= Ahmad al-Hamidawi =

Iraqi Shia militiaman

Ahmed Mohsen Faraj Al-Humaidawi (born 25 March 1974), known as Abu Hussein Al-Humaidawi, is the Secretary-General and commander of special operations of the Iranian-government-backed Iraqi Kata'ib Hezbollah. The United States government announced on 26 February 2020 that it had designated Al-Humaidawi on the global terrorism list.

== Career ==
The military wing led by Al-Humaidawi seeks to target the interests of the United States of America and supports Shiite militia fighters outside Iraq. Military affairs specialist Michael Knights said, according to informed sources, that Al-Humaidawi was known to be reckless, with unpredictable actions, and focused on avenging the killing of Abu Mahdi al-Muhandis. Ahmed Al-Humaidawi served as a point of contact between Nouri al-Maliki and Russian diplomats, and the newspaper Al-Ain reported on 28 February 2020 that Al-Humaidawi had “a long criminal record.”

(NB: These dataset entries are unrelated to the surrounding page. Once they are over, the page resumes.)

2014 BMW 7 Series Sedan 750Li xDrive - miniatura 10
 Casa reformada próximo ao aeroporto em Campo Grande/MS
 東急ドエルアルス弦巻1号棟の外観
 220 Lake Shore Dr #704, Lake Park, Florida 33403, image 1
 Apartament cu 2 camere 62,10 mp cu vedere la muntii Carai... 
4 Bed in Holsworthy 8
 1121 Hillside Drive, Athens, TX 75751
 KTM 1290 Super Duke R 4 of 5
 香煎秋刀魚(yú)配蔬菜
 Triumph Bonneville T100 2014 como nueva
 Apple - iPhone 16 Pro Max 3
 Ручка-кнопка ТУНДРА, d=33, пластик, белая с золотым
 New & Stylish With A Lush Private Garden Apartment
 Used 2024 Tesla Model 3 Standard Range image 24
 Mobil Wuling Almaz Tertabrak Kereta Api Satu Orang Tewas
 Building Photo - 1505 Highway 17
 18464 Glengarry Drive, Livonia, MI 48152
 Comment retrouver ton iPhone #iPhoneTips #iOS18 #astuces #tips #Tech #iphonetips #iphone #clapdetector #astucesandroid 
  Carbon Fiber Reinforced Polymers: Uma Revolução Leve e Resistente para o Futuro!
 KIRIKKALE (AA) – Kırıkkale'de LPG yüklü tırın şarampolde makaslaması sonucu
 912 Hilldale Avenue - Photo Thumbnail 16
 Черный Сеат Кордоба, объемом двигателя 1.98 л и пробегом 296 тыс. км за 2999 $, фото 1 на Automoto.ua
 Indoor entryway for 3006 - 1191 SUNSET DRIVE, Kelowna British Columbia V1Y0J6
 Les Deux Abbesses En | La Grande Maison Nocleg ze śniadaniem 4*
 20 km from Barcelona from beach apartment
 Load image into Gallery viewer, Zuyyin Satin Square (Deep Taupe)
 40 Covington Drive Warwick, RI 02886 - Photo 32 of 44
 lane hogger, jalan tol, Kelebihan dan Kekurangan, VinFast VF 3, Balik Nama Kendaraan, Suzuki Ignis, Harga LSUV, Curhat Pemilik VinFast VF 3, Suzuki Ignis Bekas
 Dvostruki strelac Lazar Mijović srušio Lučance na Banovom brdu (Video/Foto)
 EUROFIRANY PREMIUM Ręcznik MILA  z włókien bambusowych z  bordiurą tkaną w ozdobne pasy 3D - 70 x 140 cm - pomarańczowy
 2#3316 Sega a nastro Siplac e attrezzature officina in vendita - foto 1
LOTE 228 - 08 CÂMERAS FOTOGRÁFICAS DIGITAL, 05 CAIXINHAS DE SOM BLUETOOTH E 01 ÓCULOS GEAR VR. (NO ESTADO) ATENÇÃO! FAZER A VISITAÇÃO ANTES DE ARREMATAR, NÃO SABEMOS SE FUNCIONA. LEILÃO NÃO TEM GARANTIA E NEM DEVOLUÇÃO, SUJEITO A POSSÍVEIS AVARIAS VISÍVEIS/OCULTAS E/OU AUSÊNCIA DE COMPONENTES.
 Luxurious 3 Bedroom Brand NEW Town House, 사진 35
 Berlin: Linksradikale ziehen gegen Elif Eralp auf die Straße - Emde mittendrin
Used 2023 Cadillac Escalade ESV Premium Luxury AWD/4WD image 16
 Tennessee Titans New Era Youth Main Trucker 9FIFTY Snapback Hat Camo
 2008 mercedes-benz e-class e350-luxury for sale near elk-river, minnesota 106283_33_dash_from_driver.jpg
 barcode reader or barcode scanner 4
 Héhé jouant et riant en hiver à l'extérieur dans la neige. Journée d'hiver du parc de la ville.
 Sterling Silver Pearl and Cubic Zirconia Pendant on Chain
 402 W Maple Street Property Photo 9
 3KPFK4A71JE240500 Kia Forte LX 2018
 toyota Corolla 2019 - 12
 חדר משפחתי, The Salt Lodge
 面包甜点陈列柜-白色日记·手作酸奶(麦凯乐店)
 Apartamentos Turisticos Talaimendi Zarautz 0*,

The United States designated him on the global terrorism list after the killing of the former commander of Kata'ib Hezbollah, Abu Mahdi al-Muhandis, noting that Al-Humaidawi's designation on the list was not linked to any terrorist attack carried out by him, according to Nathan A. Sales, the Coordinator for Counterterrorism.

On 15 April 2026, the United States put a bounty on Ahmad al-Hamidawi and Kataeb Hezbollah.